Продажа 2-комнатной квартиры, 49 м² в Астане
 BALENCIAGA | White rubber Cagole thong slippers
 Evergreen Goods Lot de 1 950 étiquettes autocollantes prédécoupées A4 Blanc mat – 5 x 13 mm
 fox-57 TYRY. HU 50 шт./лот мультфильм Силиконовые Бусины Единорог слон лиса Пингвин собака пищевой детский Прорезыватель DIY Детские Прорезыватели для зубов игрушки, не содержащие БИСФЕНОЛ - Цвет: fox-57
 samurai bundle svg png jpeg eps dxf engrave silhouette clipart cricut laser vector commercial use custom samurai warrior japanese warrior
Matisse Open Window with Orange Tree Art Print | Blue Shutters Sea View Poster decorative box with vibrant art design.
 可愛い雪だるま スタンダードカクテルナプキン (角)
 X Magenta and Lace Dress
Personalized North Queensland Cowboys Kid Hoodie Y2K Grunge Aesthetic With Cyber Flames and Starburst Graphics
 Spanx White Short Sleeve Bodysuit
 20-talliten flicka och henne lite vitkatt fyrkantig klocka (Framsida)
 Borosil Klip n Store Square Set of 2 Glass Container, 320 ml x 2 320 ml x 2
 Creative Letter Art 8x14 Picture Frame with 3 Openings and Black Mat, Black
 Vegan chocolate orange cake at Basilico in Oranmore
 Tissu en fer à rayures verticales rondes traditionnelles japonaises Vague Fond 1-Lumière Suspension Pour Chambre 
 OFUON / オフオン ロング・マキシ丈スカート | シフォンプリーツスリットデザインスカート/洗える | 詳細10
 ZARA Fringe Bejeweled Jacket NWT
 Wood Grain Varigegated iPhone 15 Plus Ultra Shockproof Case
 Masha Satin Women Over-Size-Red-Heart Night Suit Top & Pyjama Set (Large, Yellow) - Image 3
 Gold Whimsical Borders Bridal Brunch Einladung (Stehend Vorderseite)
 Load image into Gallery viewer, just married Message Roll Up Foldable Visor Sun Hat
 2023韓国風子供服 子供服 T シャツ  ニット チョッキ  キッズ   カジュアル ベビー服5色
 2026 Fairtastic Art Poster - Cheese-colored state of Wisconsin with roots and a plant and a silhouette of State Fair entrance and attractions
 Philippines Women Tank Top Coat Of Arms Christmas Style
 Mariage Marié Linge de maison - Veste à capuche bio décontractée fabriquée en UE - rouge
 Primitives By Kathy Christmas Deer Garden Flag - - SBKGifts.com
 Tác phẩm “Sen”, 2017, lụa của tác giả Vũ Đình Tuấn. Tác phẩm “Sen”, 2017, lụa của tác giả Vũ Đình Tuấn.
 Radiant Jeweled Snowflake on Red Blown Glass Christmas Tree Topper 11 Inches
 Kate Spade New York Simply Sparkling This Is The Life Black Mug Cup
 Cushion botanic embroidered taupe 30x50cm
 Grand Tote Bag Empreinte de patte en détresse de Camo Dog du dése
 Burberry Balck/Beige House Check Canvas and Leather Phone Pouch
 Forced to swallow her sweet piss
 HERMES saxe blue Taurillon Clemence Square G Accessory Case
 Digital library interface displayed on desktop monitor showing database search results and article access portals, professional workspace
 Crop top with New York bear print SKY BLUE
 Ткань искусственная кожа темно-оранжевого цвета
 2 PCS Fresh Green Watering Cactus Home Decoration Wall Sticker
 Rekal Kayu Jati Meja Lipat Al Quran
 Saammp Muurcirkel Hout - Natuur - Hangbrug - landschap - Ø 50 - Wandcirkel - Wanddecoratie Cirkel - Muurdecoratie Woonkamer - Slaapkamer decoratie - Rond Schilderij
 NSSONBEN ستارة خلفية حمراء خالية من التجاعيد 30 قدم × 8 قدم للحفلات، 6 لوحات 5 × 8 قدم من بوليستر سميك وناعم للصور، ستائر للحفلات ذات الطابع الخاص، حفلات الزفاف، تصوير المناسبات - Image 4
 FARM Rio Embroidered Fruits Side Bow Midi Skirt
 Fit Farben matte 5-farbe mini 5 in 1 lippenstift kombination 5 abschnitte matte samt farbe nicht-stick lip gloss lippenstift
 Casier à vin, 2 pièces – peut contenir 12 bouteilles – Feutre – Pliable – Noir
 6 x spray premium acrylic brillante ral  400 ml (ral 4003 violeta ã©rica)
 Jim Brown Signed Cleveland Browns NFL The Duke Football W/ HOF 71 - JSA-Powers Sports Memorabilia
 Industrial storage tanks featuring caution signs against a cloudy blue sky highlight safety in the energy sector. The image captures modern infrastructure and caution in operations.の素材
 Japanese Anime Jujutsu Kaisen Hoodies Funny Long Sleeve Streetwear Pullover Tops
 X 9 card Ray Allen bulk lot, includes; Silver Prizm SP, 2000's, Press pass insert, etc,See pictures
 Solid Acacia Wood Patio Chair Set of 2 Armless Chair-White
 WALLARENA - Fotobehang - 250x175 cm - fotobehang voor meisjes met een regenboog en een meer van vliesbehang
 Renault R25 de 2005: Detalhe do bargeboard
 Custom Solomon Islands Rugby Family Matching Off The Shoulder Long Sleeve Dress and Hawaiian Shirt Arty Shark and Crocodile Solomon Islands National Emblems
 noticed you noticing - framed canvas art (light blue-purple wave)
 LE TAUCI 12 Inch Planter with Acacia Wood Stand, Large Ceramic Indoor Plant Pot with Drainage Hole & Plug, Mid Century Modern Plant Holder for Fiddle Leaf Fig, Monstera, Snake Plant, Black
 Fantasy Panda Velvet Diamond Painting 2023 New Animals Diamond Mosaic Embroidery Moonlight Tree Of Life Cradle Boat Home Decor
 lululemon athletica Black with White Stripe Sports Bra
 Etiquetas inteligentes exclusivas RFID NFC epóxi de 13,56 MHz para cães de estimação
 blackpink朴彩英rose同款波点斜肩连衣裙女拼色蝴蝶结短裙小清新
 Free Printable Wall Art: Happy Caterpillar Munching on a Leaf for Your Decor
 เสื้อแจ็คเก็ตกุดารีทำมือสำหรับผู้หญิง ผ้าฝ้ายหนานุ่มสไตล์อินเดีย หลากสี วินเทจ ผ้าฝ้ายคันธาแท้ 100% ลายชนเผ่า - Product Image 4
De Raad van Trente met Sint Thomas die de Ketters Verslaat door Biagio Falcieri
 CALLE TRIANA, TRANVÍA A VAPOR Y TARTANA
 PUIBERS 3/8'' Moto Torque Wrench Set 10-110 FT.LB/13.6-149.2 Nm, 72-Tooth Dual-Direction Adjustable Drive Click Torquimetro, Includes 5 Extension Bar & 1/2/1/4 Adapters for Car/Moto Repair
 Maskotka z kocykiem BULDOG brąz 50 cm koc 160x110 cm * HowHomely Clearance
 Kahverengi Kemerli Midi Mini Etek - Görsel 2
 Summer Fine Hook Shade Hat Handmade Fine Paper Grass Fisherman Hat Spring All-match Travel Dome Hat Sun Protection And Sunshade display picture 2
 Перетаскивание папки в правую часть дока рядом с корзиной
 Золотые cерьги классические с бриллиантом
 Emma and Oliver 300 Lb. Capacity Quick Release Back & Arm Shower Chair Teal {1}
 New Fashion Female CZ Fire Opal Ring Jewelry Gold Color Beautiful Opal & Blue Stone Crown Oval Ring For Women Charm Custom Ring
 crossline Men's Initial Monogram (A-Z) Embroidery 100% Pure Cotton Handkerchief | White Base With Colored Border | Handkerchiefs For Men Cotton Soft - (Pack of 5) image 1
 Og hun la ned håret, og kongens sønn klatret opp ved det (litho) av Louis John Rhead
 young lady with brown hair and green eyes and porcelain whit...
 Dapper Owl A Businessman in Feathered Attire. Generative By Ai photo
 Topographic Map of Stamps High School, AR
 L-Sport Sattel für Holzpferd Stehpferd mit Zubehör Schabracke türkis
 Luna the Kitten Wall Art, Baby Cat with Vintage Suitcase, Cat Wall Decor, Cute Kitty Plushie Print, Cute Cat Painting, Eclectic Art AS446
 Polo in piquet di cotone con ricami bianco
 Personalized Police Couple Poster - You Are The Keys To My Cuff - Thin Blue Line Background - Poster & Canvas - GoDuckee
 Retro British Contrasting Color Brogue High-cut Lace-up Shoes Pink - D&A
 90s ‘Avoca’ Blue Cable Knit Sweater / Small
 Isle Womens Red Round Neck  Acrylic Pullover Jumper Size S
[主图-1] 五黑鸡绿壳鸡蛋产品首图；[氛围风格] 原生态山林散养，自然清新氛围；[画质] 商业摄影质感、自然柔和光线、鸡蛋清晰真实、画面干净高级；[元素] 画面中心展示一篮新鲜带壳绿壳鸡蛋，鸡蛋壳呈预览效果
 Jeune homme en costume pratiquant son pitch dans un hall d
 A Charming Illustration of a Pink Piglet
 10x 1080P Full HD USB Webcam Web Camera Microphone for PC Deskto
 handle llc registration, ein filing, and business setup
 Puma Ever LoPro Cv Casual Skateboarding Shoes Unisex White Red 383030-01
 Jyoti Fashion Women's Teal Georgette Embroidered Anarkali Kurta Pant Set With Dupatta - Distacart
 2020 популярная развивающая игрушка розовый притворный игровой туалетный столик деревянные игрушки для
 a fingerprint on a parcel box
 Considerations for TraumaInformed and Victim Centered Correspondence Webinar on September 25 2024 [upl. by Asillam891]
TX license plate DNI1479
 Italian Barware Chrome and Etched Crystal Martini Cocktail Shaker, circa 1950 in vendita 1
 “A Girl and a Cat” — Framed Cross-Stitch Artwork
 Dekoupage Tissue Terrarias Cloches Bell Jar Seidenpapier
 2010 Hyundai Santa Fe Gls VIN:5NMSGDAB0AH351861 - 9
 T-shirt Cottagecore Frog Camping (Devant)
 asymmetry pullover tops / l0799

....................

Instructions to follow: For every line of the data above that contains "Dress", copy that line.

Output for this exercise:
 X Magenta and Lace Dress
 Custom Solomon Islands Rugby Family Matching Off The Shoulder Long Sleeve Dress and Hawaiian Shirt Arty Shark and Crocodile Solomon Islands National Emblems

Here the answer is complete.